Exercise brief: Repeat, please, exactly the lines from the one that has "bokomslag Bluebird: Poems" through the end of the records below, with pictures dropped.

The input:
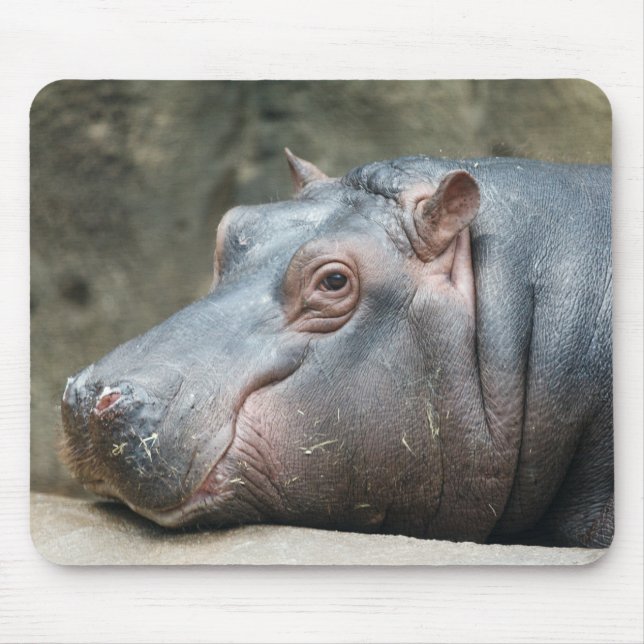 Hippopotamus spp. musmatta (Framsidan)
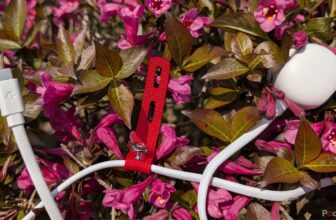 In the event you solely purchase on...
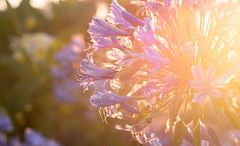 Agapanthus in the afternoon light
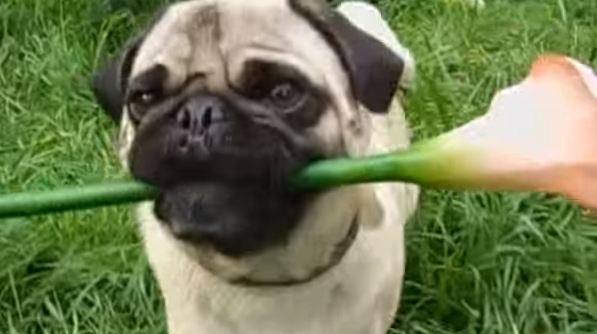 pug holding flower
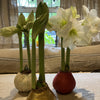 Wax coated amaryllis bulb with white flower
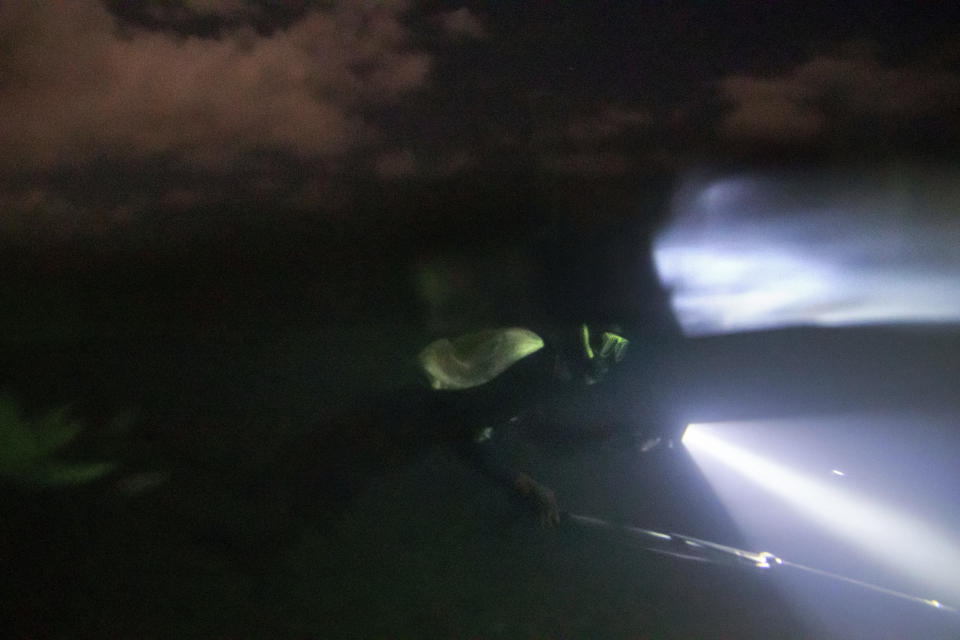 Nicholas Bingham spearfishes at night, which is banned, under a moonlit sky, in Stewart Town, Jamaica, Friday, Feb. 15, 2019. Night spearfishermen wrap their faces to protect against stinging jellyfish. But that's not the only threat lurking in the water: In addition to sharks, wardens are patrolling, scouting for illegal fishing. (AP Photo/David Goldman)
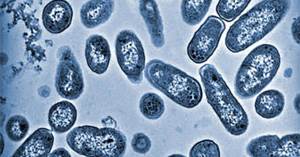 Сальмонеллез собак и кошек Фото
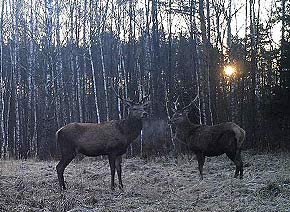 Благородный олень
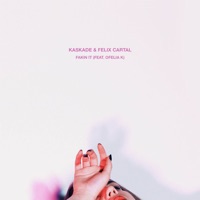 Felix Cartal - mood (steff da campo rmx)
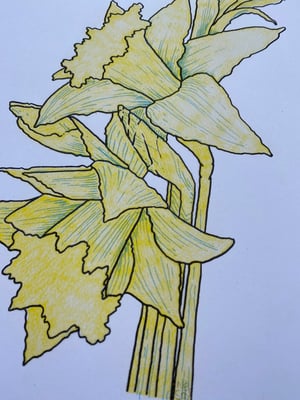 Daffodils 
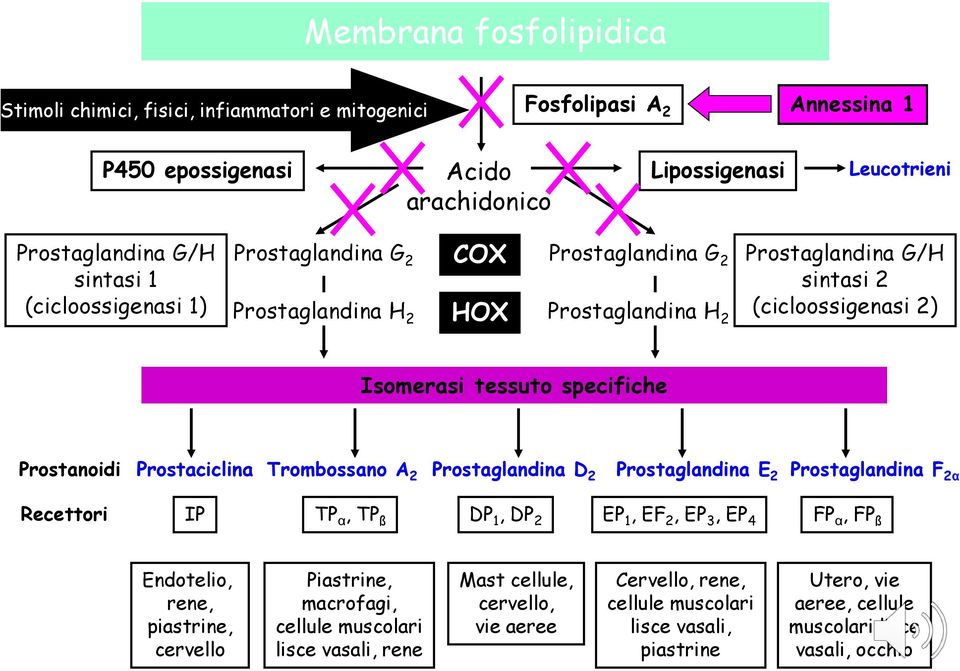 Prostaciclina Trombossano A 2 Prostaglandina D 2 Prostaglandina E 2 Prostaglandina F 2α Recettori IP TP α, TP ß DP 1, DP 2 EP 1, EF 2, EP 3, EP 4 FP α, FP ß Endotelio, rene, piastrine, cervello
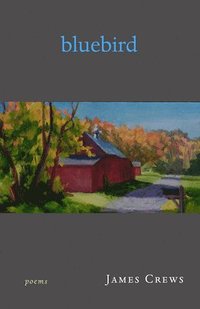 bokomslag Bluebird: Poems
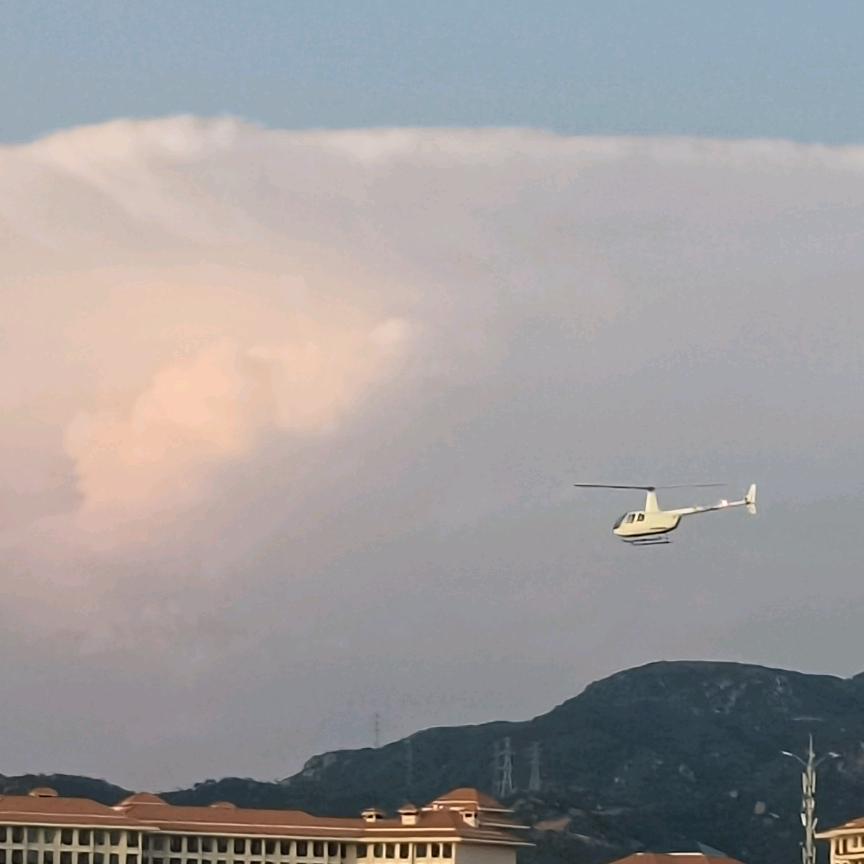 期待的璀璨人生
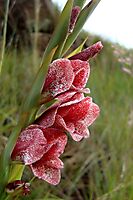 Gladiolus ecklonii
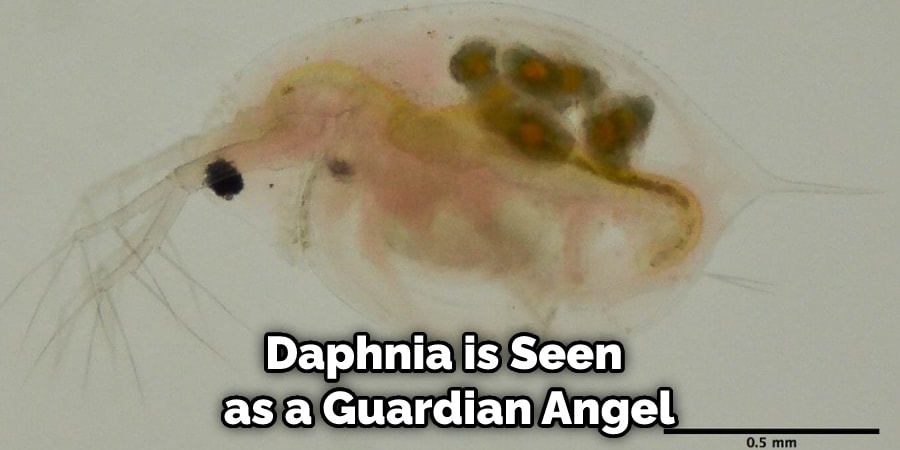 Daphnia is Seen as a Guardian Angel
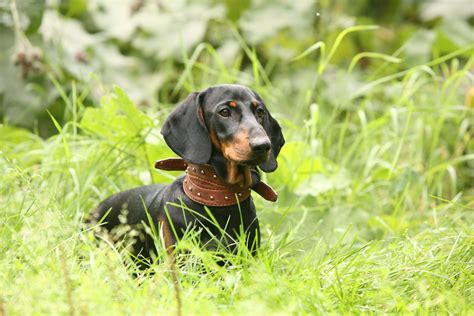  Standard Dachshunds usually stand inches tall and weigh pounds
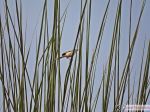 Birds Beauty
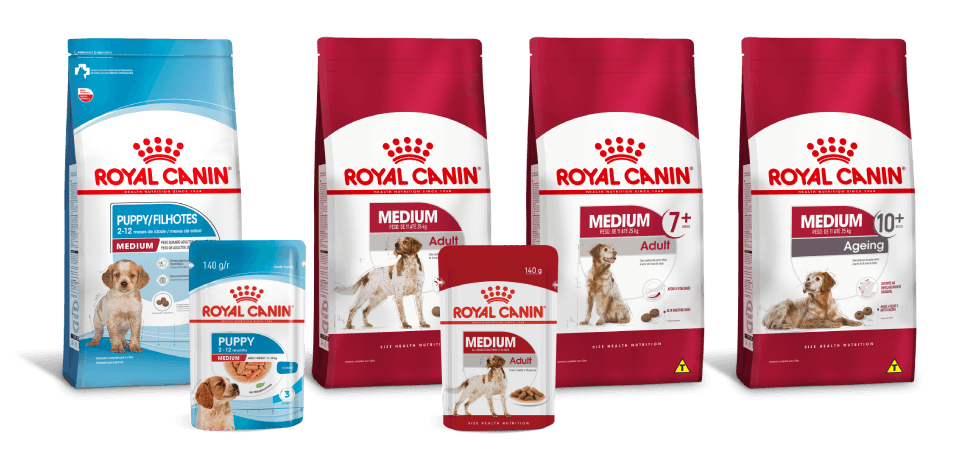 Linha de alimentos Royal Canin para c&atilde;es de porte m&eacute;dio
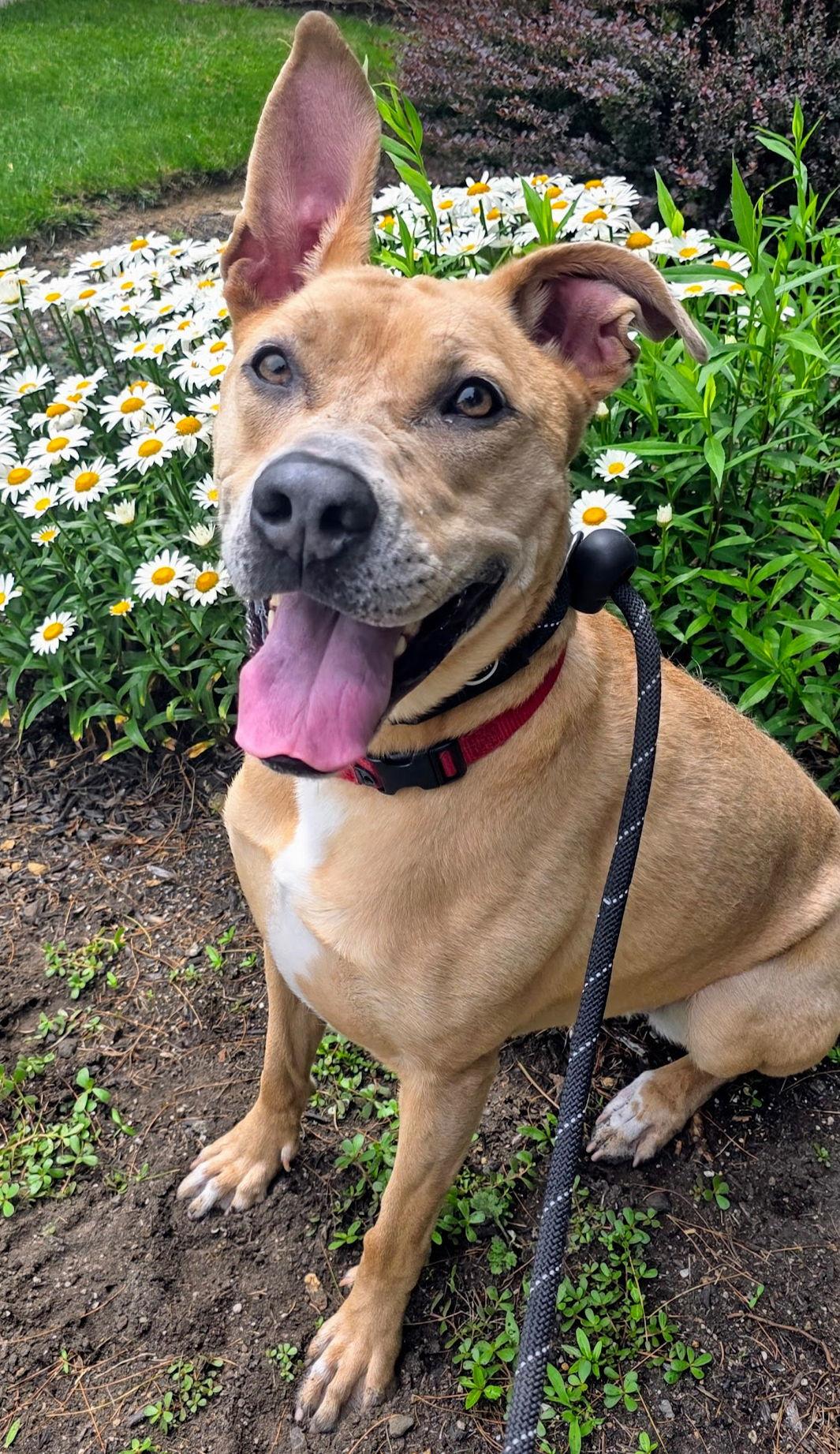 Enlarge Kiya Lizman, a Adoptable mixed breed in Rockaway, NJ image 2/3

Response area:
 bokomslag Bluebird: Poems
 期待的璀璨人生
 Gladiolus ecklonii
 Daphnia is Seen as a Guardian Angel
  Standard Dachshunds usually stand inches tall and weigh pounds
 Birds Beauty
 Linha de alimentos Royal Canin para c&atilde;es de porte m&eacute;dio
 Enlarge Kiya Lizman, a Adoptable mixed breed in Rockaway, NJ image 2/3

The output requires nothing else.